I like to pretend Edgar Allan Poe was first introduced to me as a child by my elementary school goth librarian who wore the classic "this is my costume" tee shirt every year around Halloween. The orange shirt fit perfectly in season with her long frizzy black hair and was completed with the lack of enthusiasm she maintained year round. Mrs. Knight was very real, she just never read us any Poe — which is unfortunate because it seemed so much more fitting — moreso than reading the illustrated classics version by myself in 3rd grade, or reading the text for a hot second in high school. But I've been wanting to catch up on it again, so for the month that holds one of the best Holidays, along with the anniversary of Poe's death, I though it only made sense to design and illustrate 7 of his most macabre stories.


Goal//Timeline//Things used

With the goal in mind, I created a generic timeline in my head that had a final deadline of the first week of October, and if I failed to meet it I would consider myself a useless human being. It worked (as usual)! The timeline for my project ended up being something like this: 

9/16: Come up with concept, deadline and medium
9/17: Start putting stories into Tumblr and start modifying CSS
9/18: Make typographic adjustments and add proper emphases in proper places
9/19: Finalize design layout and selected stories
9/22: Read The Black Cat, take notes, sketch illustration and bring it into illustrator
9/23: Repeat with the Tell Tale Heart
9/24: Repeat with The Pit and the Pendulum
9/25: Repeat with The Fall of The House of Usher
9/26: Repeat with The Masque of the Red Death
9/29: Repeat with the Premature Burial
9/30: Repeat with the Facts in the Case of M. Valdemar
10/1: Make modifications to illustrations and start making the design look good on mobile
10/2: Make any final tweaks to typography and finalize mobile design
10/3: Sick, but project completed
10/6; Write blog post
10/7: Present Blog Post

Things used for the project: 

• Tumblr (default theme), html and css & media queries.
• Pencil, notebook, wacom tablet, illustrator. 
• The Elements of Typography by Robert Bringhurst
Books and Printing: A Treasury for Typophiles by Paul A. Bennett
The Fall of the House of Usher and other tales by Edgar Allan Poe

Inspiration//Historical Context

Typography: Since Poe was considered to be part of the Romantic movement, which originated in Europe towards the end of the 18th century, it was important that the typeface be a representation of the period. The decision was between Caslon and Baskerville, both typefaces which were cut in 18th century Europe, were well known for their readability and unobtrusiveness. Both Caslon and Baskerville were extremely popular in books, with the help of Benjamin Franklin who was a fan of Caslon and especially Baskerville. It's also very convenient that Tumblr has a modified version of each one, something I needed to take into consideration.

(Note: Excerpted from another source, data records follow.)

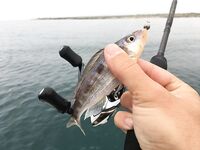 Воскресный отвес и поджиговка в Севастополе закончились дельфинами на полведра ставриды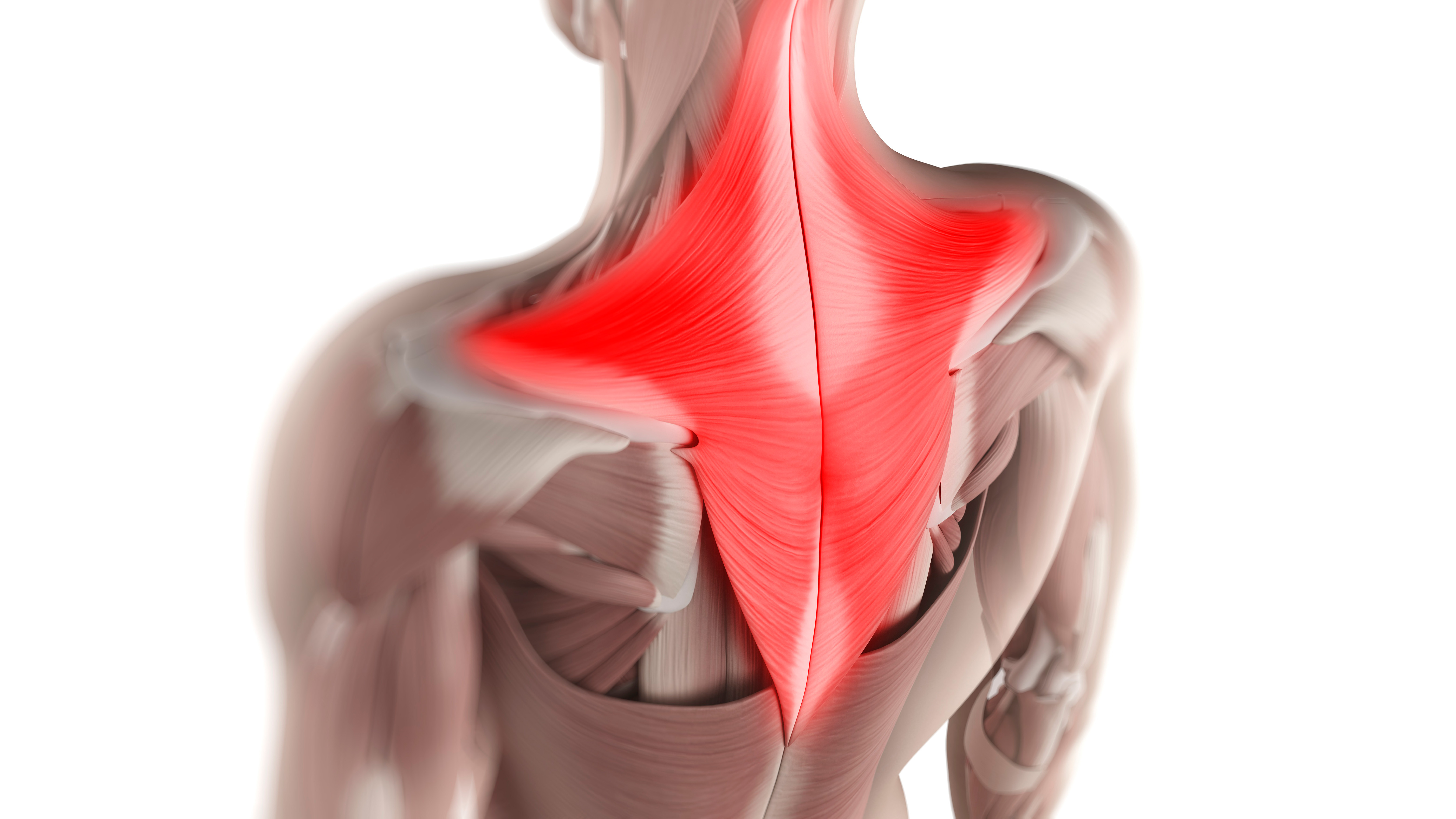 Anatomical image of the back trapezius muscles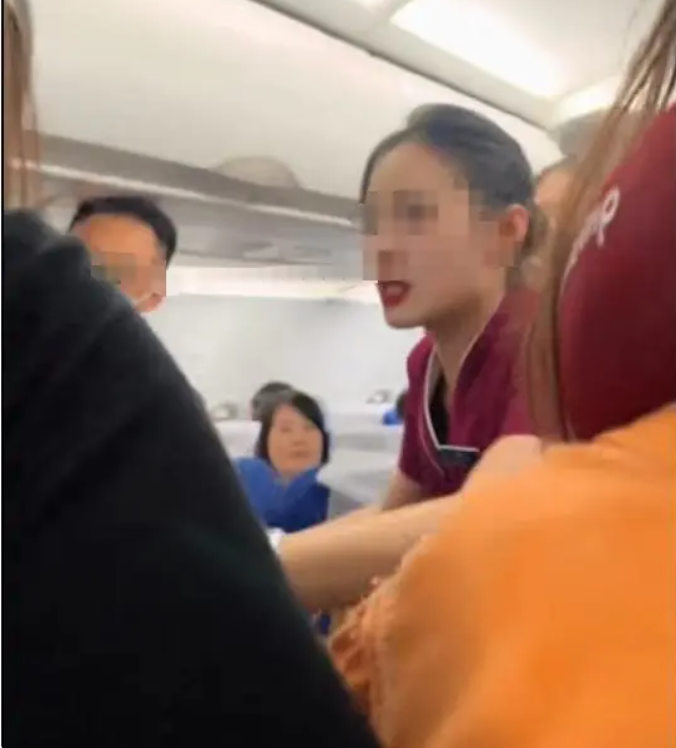 航班冲突：熊孩子顶座挨打，挨打女生被男孩妈质问，引发社会关注-阿旺资源分享网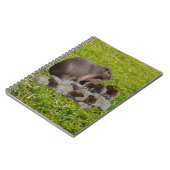 Capybara Mummy mit Babys, Notebook Notizblock (Linke Seite)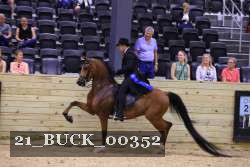 21_BUCK_00352 proof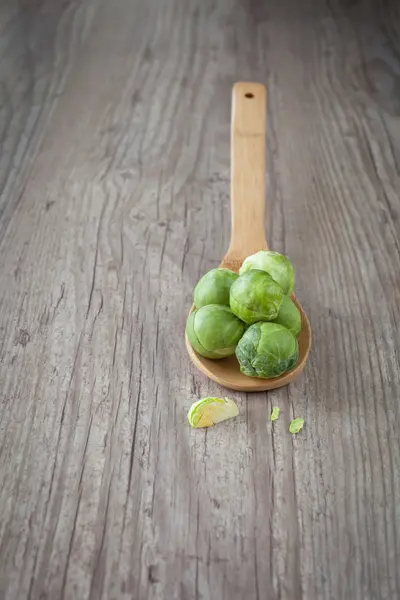 Bruxelles sprouts — Stock fotografie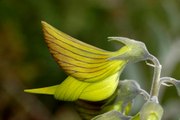 Ces fleurs australiennes ressemblent trait pour trait à des oiseaux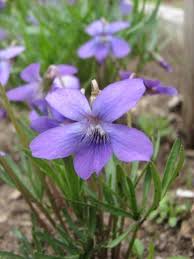 Image result for Landolphia violacea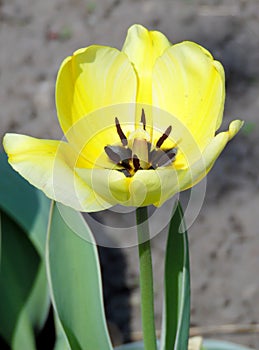 Vivid yellow tulip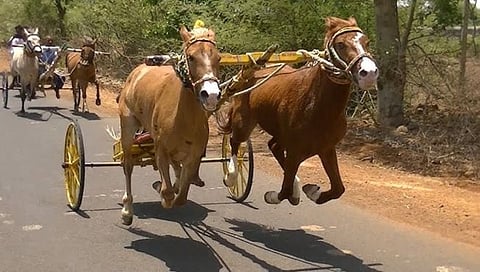 घोडा गाडी शर्यंत संग्रहित फोटो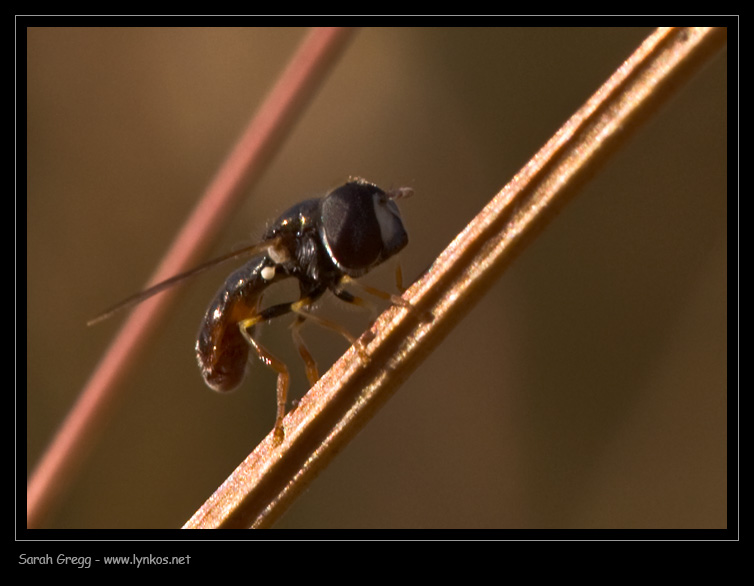 Maschio di Paragus sp.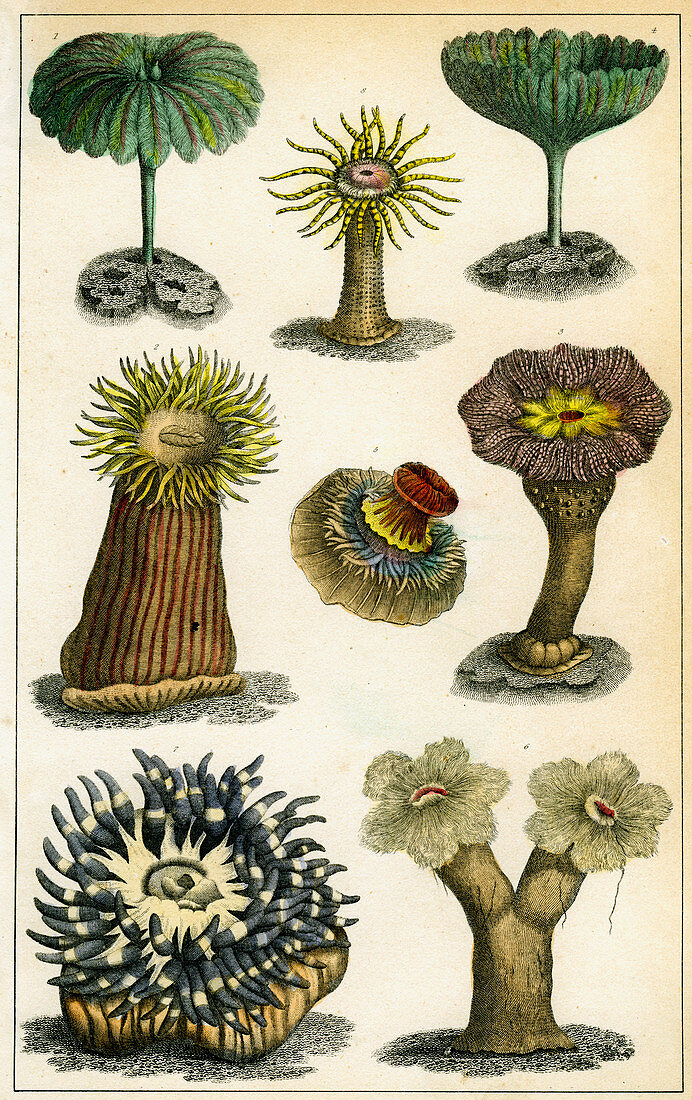 Sea anemones, c19th century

Illustration: Aubrey Beardsly (one of my favorites), an artist from Europe Illustrated a handful of Edgar Allan Poe Stories towards the end of the 19th Century, as well as Harry Clarke, a book illustrator from Ireland. With these two artists alone, there do not need to be any more illustrations based off of Poe's work, for I was almost going to ditch the illustration aspect of this project entirely. With the bar clearly being out of reach, I decided to not view it as an attempt, rather a simple practice run of a mini series of illustration on a conceptual level, but I was still make it black and…french vanilla. In this frame of mind, I learned how to read through the material, quickly articulate an idea based off the provided text, sketch it, and produce it in less than a full days work.  

Final Design

For the Final design I went with a modified version of Caslon and set it at 22/34 since the x-height is higher that of Baskerville. Being an old style typeface, Caslon doesn't have as much of a contrast between the serifs as the transitional typeface, Baskerville, does. Due to Caslon's characteristics, it is easy to create darker color on the screen when the same type is used paragraph after paragraph, therefore the leading needed to be increased more than Baskerville would. I added a one lead indentation for each new paragraph and made the average line length of 65 characters to prevent people from reading the same line from the same horrible death over and over, then justified the text (don't judge) to give it the style of a book with big beautiful margins. I kept the colors to a minimum and used only red for the occasional accent color for links and the "printers mark", where I gave myself just a bit of credit.

After coming to a resolution around how much space I wanted to surround all my em dashes (stylistic decisions!), I realized I should probably make it look decent on mobile as well. In order to make them specific to mobile, I added media queries that would automatically right align the text to prevent an insane amount of rivers (oceans, actually) and made sure the capitals after the drop cap remained on the first line only. I haven't coded in a while, so it was cool to make all the small changes myself that people don't always care about.

A lot more went into this project than expected, lots of reading, lots of small tweaks and modifications, but I enjoyed working on everything and got to learn a lot in the process. There were plenty of rabbit holes I could've fallen down, but if I did, I would still be working on this project.